* What is required
Where the line containing "2018 Ford Transit" appears, begin retyping; continue exactly through the final line of the data. Omit every picture.

* Dataset excerpt

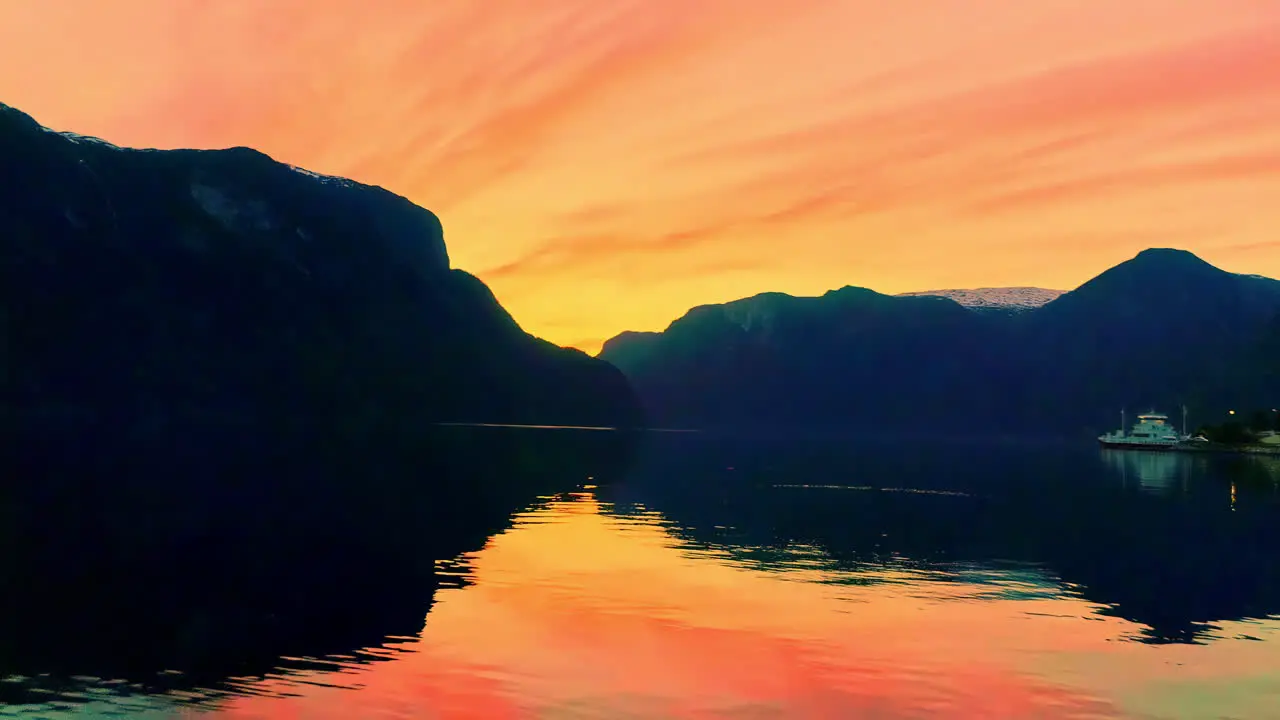 Scenic golden hour sunset with river and mountain landscape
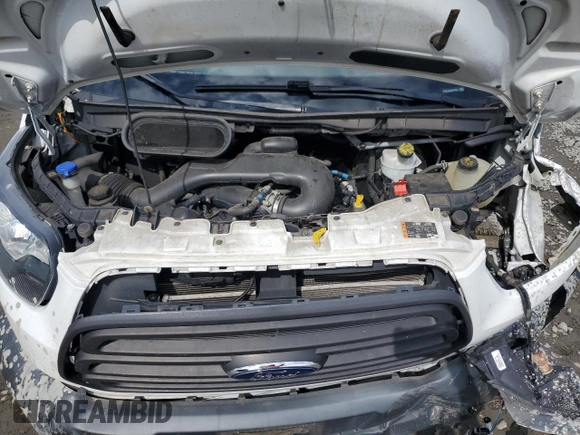2018 Ford Transit with VIN 1FTYE1CM2JKA74311, listed as a Copart auction lot 73213294 with 94,924 mi miles and Salvage Title. Bid and sale history available at DreamBid. Image 12.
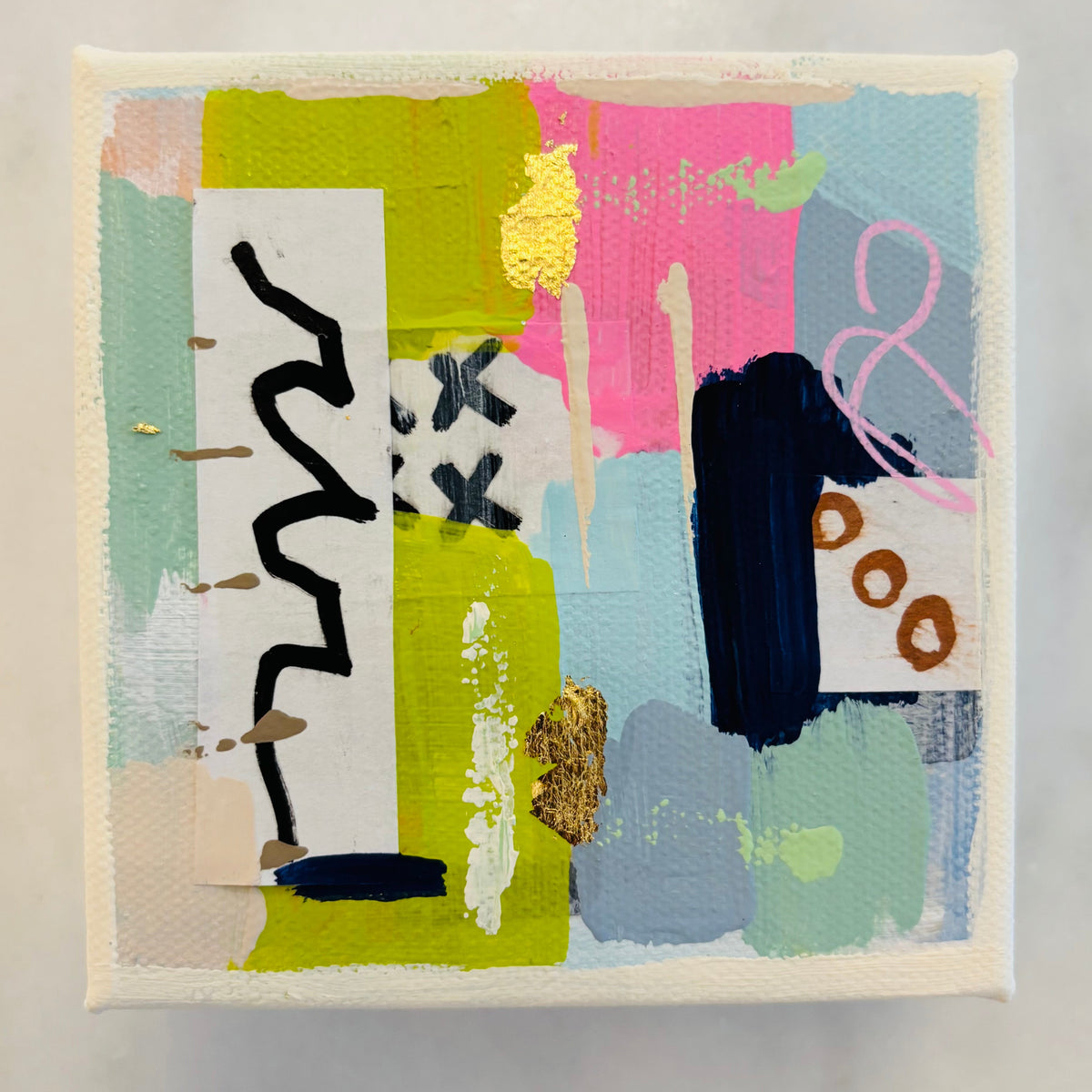 A square abstract canvas painting with textured brushstrokes in pastel pink, light blue, mint green, olive yellow, black, and white, featuring gold leaf accents, displayed on a light marble surface.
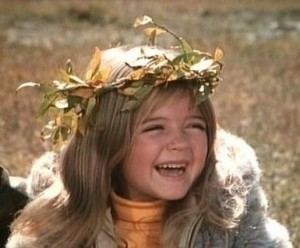 Bridgette Andersen smiling while wearing a flower crown and beige jacket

* Response
2018 Ford Transit with VIN 1FTYE1CM2JKA74311, listed as a Copart auction lot 73213294 with 94,924 mi miles and Salvage Title. Bid and sale history available at DreamBid. Image 12.
 A square abstract canvas painting with textured brushstrokes in pastel pink, light blue, mint green, olive yellow, black, and white, featuring gold leaf accents, displayed on a light marble surface.
 Bridgette Andersen smiling while wearing a flower crown and beige jacket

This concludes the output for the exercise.